▶ ACTIVITY: Keep to the lines from the one with "在大众眼里，他是国产机车的颠覆者；可在部分同行眼中，他就是打破原有平衡的搅局者。" through the end of the data, and write them out exactly.

Scraped caption text data:

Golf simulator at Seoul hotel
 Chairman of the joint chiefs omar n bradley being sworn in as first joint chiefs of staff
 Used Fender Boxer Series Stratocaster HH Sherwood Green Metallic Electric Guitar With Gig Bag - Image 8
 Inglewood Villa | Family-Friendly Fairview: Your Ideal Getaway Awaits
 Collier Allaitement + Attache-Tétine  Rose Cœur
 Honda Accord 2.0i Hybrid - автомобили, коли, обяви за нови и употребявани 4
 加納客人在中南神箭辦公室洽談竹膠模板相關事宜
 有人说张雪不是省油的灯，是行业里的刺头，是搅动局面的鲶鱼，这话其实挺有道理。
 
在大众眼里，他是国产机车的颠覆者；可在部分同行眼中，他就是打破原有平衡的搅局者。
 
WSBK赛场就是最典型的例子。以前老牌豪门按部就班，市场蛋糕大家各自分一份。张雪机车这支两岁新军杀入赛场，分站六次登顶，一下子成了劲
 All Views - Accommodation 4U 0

▶ REPLY TO THE EXERCISE:
在大众眼里，他是国产机车的颠覆者；可在部分同行眼中，他就是打破原有平衡的搅局者。
 
WSBK赛场就是最典型的例子。以前老牌豪门按部就班，市场蛋糕大家各自分一份。张雪机车这支两岁新军杀入赛场，分站六次登顶，一下子成了劲
 All Views - Accommodation 4U 0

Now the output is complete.